◆ **Web page caption snippets**
^^^^^^^^

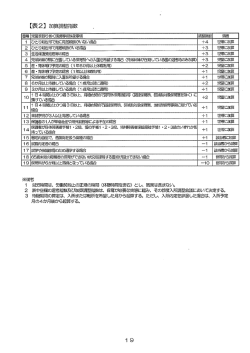 Page 1 【表2】加算調整指数 番号 1 |ひとり親世帯で他に同居親族が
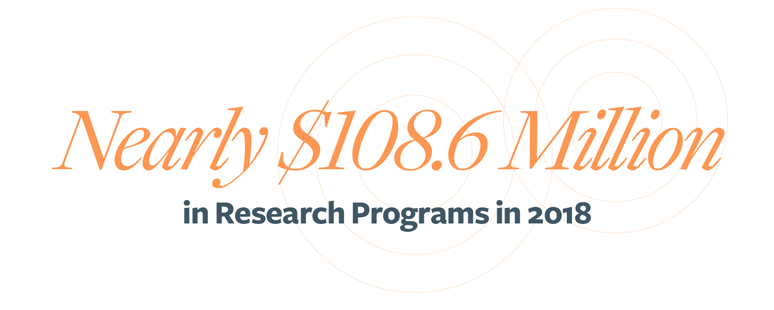 Annual Report Stat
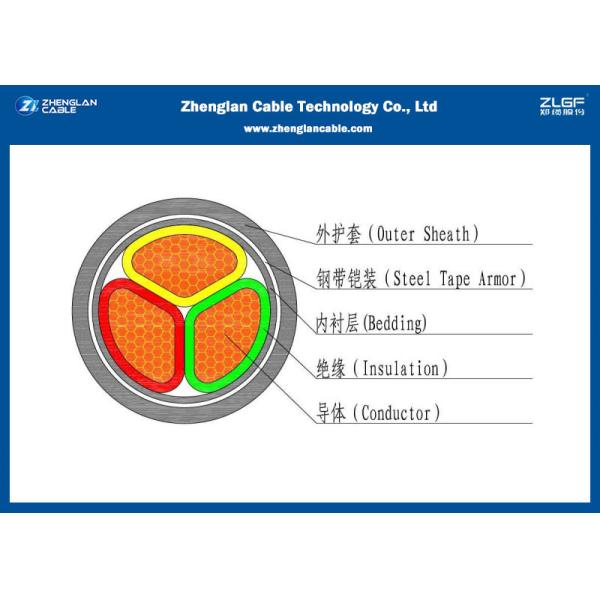 Nominal Area :3*2.5~3*500mm2 0.6/1KV Three Cores LV Power Cable , Armoured Wire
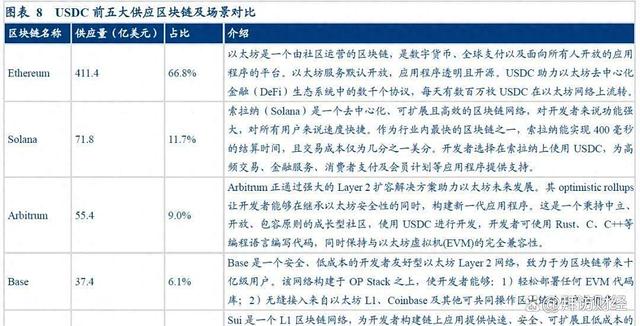 数字货币群(数字货币群二维码最新) 数字货币群(数字货币群二维码最新)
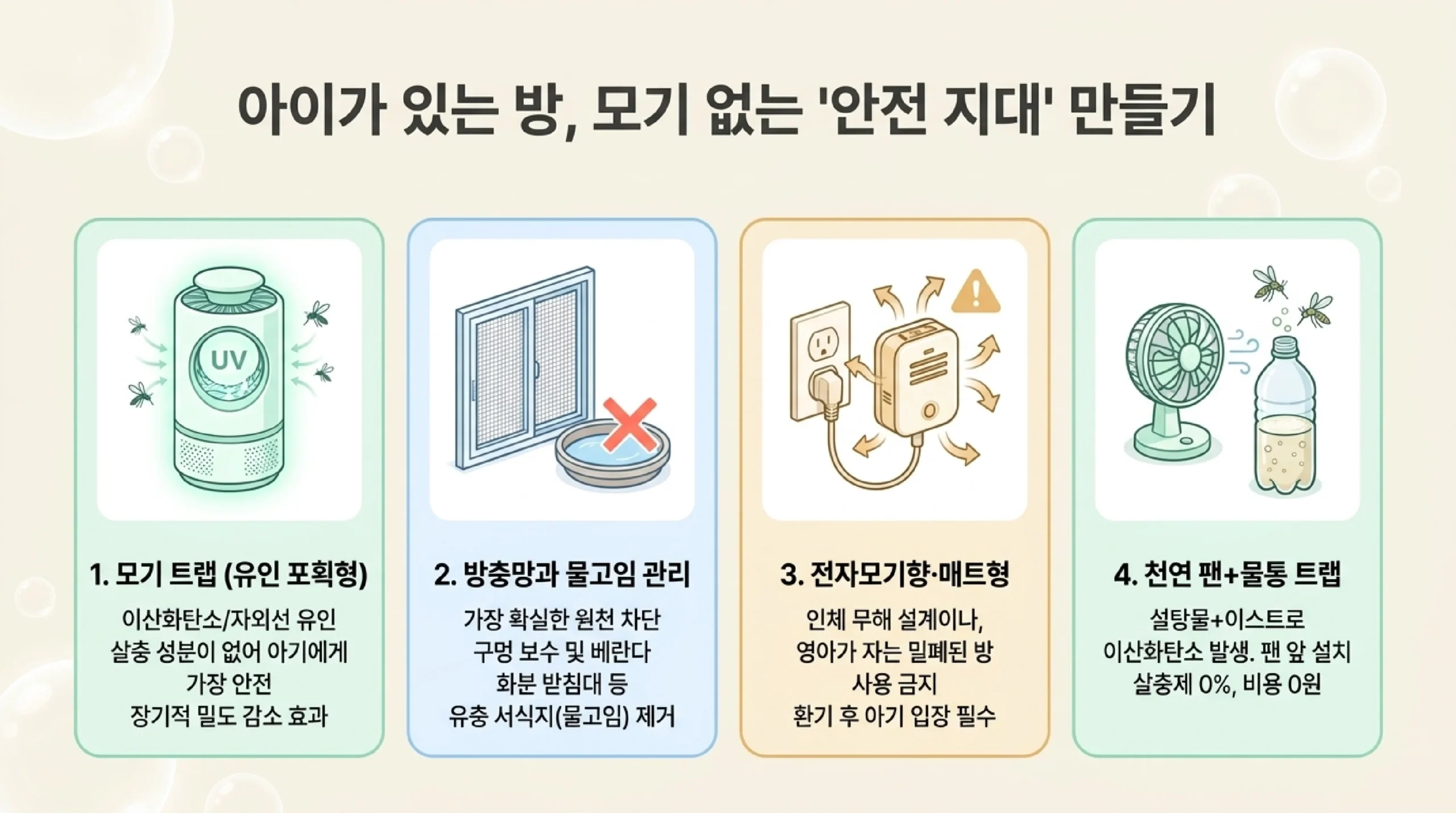 실내 모기 제거 안전한 방법 — 전자모기향·모기 트랩·방충망·자연 트랩 비교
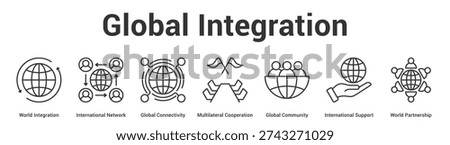 Global Integration web banner icon set vector illustration concept for business with icon of World Integration, International Network, Global Connectivity, Multilateral Cooperation, Global Communi.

^^^^^^^^

Copy only what lies between the line with "Nominal Area :3*2.5~3*500mm2" and the line with "실내 모기 제거 안전한 방법 — 전자모기향·모기 트랩·방충망·자연 트랩 비교", those two lines included, exactly as given above; pictures stay out.

◆ **ANSWER AREA**
 Nominal Area :3*2.5~3*500mm2 0.6/1KV Three Cores LV Power Cable , Armoured Wire
 数字货币群(数字货币群二维码最新) 数字货币群(数字货币群二维码最新)
 실내 모기 제거 안전한 방법 — 전자모기향·모기 트랩·방충망·자연 트랩 비교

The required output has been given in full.